Monitoring, Cost, and Security Considerations

Monitoring

Job run history shows status, duration, and output for each run. Use email or webhook notifications for failure alerts. Query system.workflow.jobs for cross-workspace job analytics.

Cost Optimisation

- Use job clusters instead of all-purpose clusters for scheduled notebooks to get lower DBU rates and auto-termination.

- Set timeout_seconds to prevent runaway jobs from consuming excessive compute.

- Schedule during off-peak hours when cloud spot pricing is lower.

Security and Governance

- Jobs run as the job owner's identity for Unity Catalog access control.

- Use service principals as job owners for production workloads to decouple from individual accounts.

- Store sensitive parameters in Databricks secrets rather than job configurations.

Common Pitfalls and Recommended Patterns

Running production notebooks on all-purpose clusters: use job clusters for lower cost and guaranteed termination.
Hardcoding parameters: use widgets or base_parameters for runtime configuration.
Not setting timeouts: a stuck notebook can run (and cost) indefinitely without a timeout.
Skipping retry configuration: transient failures (network, spot preemption) are common; set 1-2 retries.
Using dbutils.notebook.run() for complex DAGs: use job task dependencies instead for better visibility and error handling.
Not testing with "Run Now" before scheduling: always verify a manual run succeeds before enabling the cron schedule.
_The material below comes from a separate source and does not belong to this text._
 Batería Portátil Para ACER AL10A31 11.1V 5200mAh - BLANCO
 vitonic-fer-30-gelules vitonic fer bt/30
Frequently Asked Questions

Can I pass parameters to a scheduled notebook?

Yes. Use base_parameters in the job task configuration. Access them in the notebook with dbutils.widgets.get("param_name") or through task values.

What happens if a scheduled run fails?

If retry is configured, the task automatically retries up to max_retries times. If all retries fail, the job run is marked as failed and notifications are sent.

Can I schedule a notebook to run on a SQL warehouse?

Yes. Use a SQL task in the job definition to run SQL files or queries on a SQL warehouse. For notebook tasks, attach to a cluster or serverless compute.

How do I chain multiple notebooks in sequence?

Create a job with multiple tasks and define dependencies between them. Task B depends on Task A, so B only runs after A succeeds.